Final Notes on Interview Preparation
Common Mistakes to Avoid
- Assuming assignment copies an object (it doesn’t).
- Using shallow copies with nested mutable elements.
- Forgetting to copy function arguments that will be modified.
- Misusing default mutable arguments in function definitions.
How to Practice
- Use nested lists, dicts, and custom classes.
- Write copy vs. deepcopy test cases.
- Explain memory layout and references out loud.
- Practice tracing reference chains on paper or a whiteboard.
Final Thoughts
Understanding the difference between shallow copy and deep copy is a foundational skill in Python programming. These concepts affect how data is handled in memory, how changes to data propagate through your program, and how bugs related to shared references can be introduced — or avoided.
Why It Matters
In simple scripts, the impact of copying may seem minor, but in real-world applications — such as web frameworks, data processing pipelines, configuration systems, or recursive algorithms — incorrect copying can cause subtle and difficult-to-detect issues. One accidental shared reference in a deeply nested structure might lead to months of instability or hard-to-reproduce bugs.
Python gives you full control over how your objects are copied, but with that power comes responsibility. You must decide:
- When to reference
- When to shallow copy
- When a full deep copy is essential
- When to redesign your data structures to eliminate the need for copying altogether
What to Remember
- Assignment never creates a copy.
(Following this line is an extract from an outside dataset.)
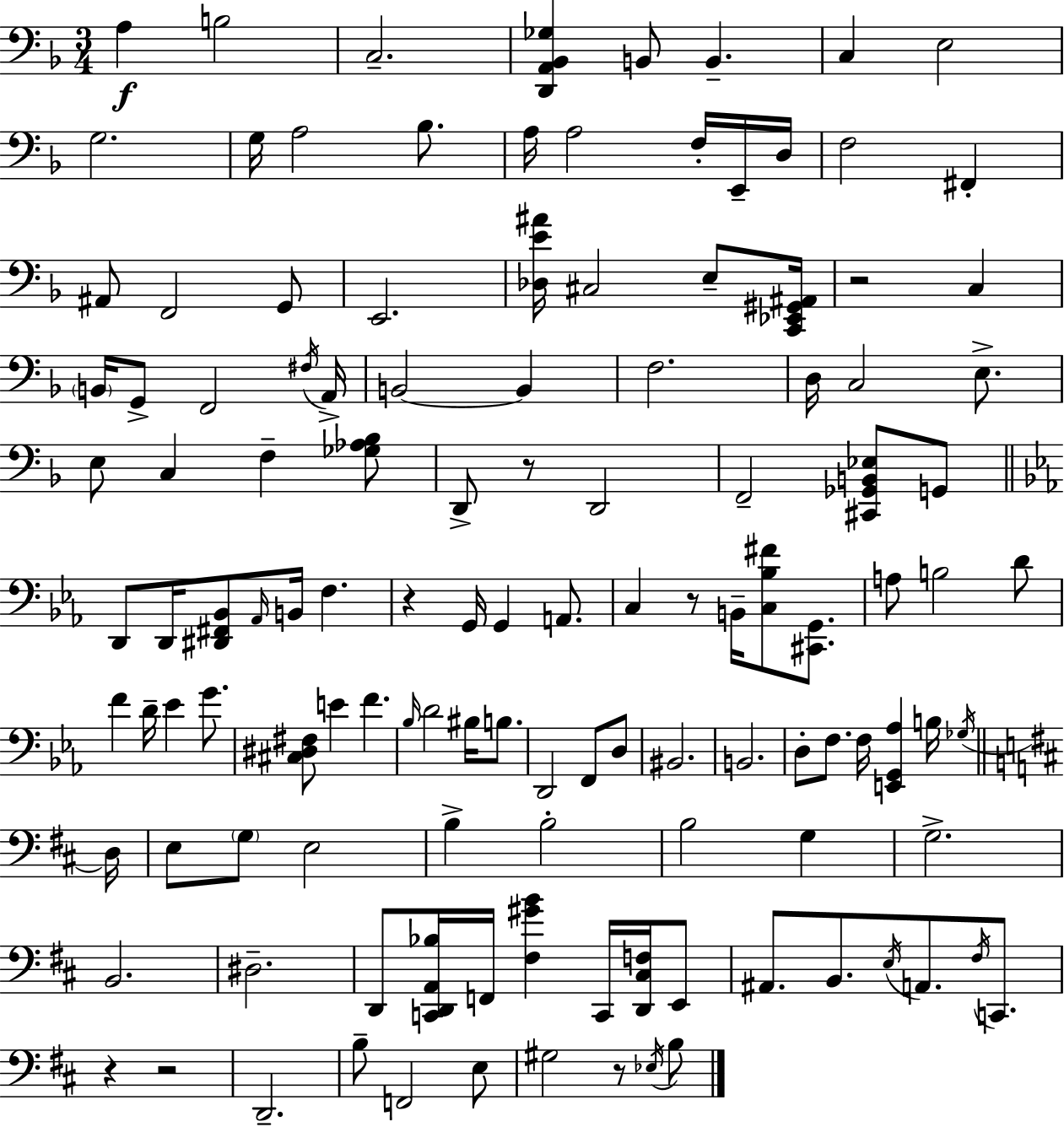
A3/q B3/h C3/h. [D2,A2,Bb2,Gb3]/q B2/e B2/q. C3/q E3/h G3/h. G3/s A3/h Bb3/e. A3/s A3/h F3/s E2/s D3/s F3/h F#2/q A#2/e F2/h G2/e E2/h. [Db3,E4,A#4]/s C#3/h E3/e [C2,Eb2,G#2,A#2]/s R/h C3/q B2/s G2/e F2/h F#3/s A2/s B2/h B2/q F3/h. D3/s C3/h E3/e. E3/e C3/q F3/q [Gb3,Ab3,Bb3]/e D2/e R/e D2/h F2/h [C#2,Gb2,B2,Eb3]/e G2/e D2/e D2/s [D#2,F#2,Bb2]/e Ab2/s B2/s F3/q. R/q G2/s G2/q A2/e. C3/q R/e B2/s [C3,Bb3,F#4]/e [C#2,G2]/e. A3/e B3/h D4/e F4/q D4/s Eb4/q G4/e. [C#3,D#3,F#3]/e E4/q F4/q. Bb3/s D4/h BIS3/s B3/e. D2/h F2/e D3/e BIS2/h. B2/h. D3/e F3/e. F3/s [E2,G2,Ab3]/q B3/s Gb3/s D3/s E3/e G3/e E3/h B3/q B3/h B3/h G3/q G3/h. B2/h. D#3/h. D2/e [C2,D2,A2,Bb3]/s F2/s [F#3,G#4,B4]/q C2/s [D2,C#3,F3]/s E2/e A#2/e. B2/e. E3/s A2/e. F#3/s C2/e. R/q R/h D2/h. B3/e F2/h E3/e G#3/h R/e Eb3/s B3/e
It only creates a new reference to the same object.
- Shallow copy copies the container but not the contents. Use it only when inner objects don’t need to be isolated.
- Deep copy copies everything recursively. It is safer for complex structures but more expensive in time and memory.
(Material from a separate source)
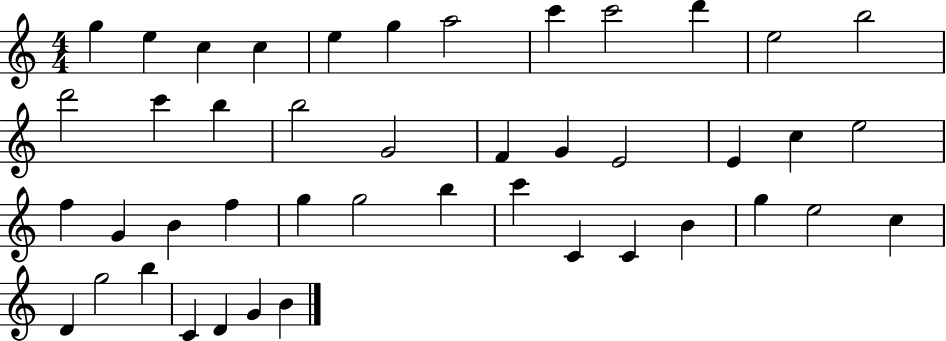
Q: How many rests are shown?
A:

- Immutable objects don’t need deep copies. If your data is read-only or made of immutable types, copying may be unnecessary.
- Be cautious with mutable defaults. Always avoid using mutable types as default function arguments.
- Use the copy module. For both shallow (copy.copy) and deep (copy.deepcopy) copying, the built-in copy module is the standard tool.
Key Advice
- Always think about data ownership. Ask yourself: who should be allowed to modify this data?
- Be intentional. Don’t assume copying happens just because you assigned a variable. Be explicit when duplication is needed.
- Favor simplicity. If your code requires constant deep copying, it might be a signal to refactor or redesign your data model.
- Test for independence. Especially when writing functions, classes, or libraries, verify that returned objects are isolated from inputs when needed.
The right understanding and use of shallow and deep copies will help you write cleaner, safer, and more predictable Python code. Whether you’re working solo or on a team, making intentional choices about copying ensures that your software behaves the way you expect — without hidden surprises.